■ What the task requires ■
Give again, word for word, the line holding "Fuschimuschi Play Da" and every line after it through the end of the data below. Omit pictures.

■ Material provided ■

------------------------------------------------------------

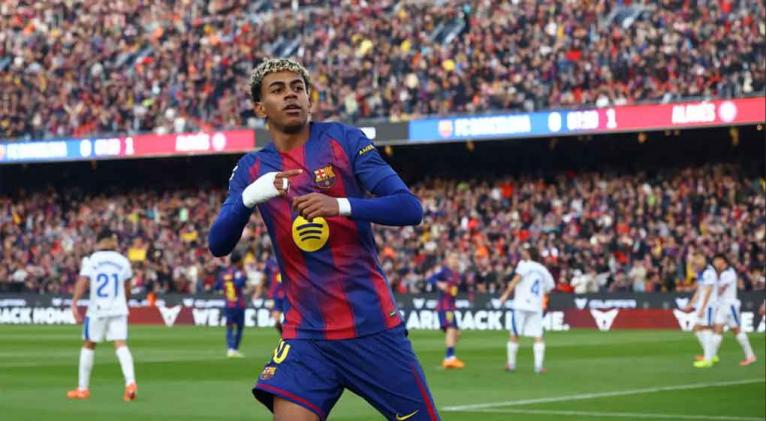 Barcelona nuevo líder de la Liga de fútbol de España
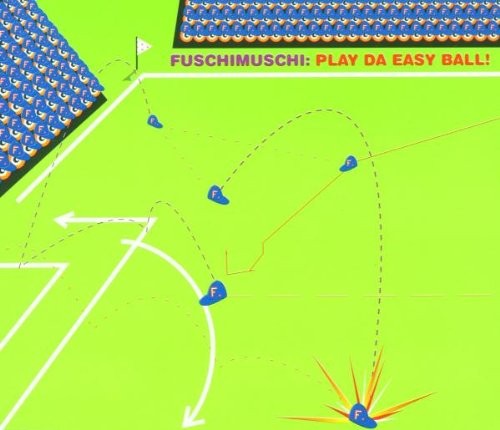 Fuschimuschi Play Da Easy Ball (CD) (ИМПОРТ ИЗ Великобритании)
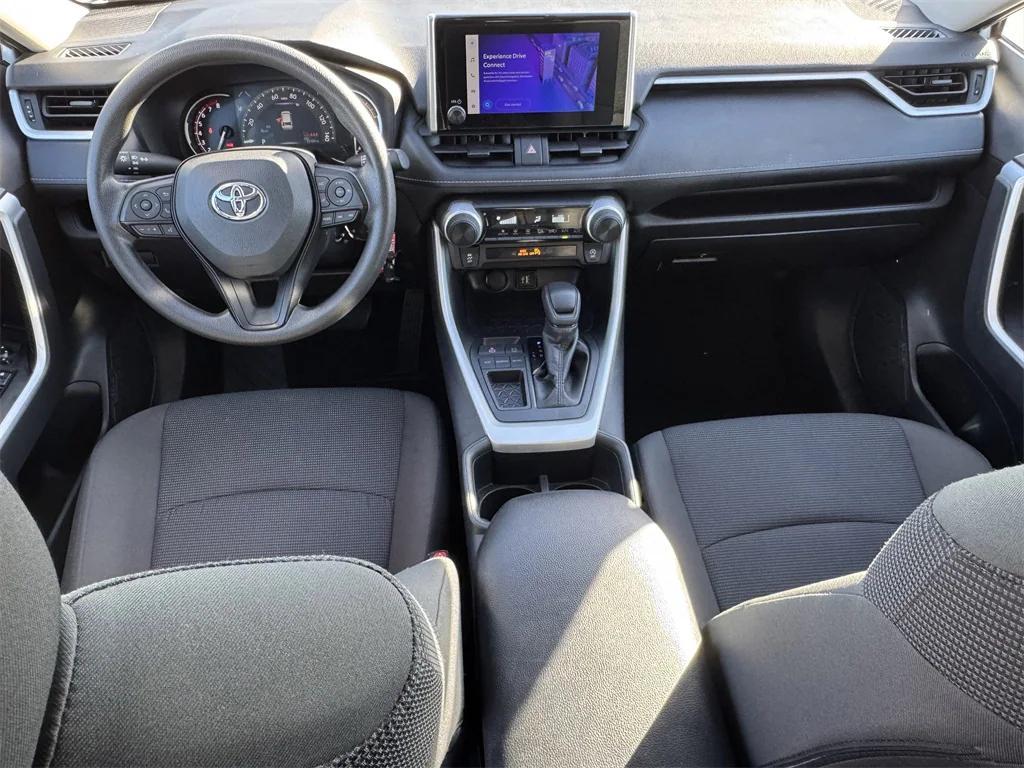 used 2025 Toyota RAV4 car, priced at $27,491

------------------------------------------------------------

■ Answer area ■
 Fuschimuschi Play Da Easy Ball (CD) (ИМПОРТ ИЗ Великобритании)
 used 2025 Toyota RAV4 car, priced at $27,491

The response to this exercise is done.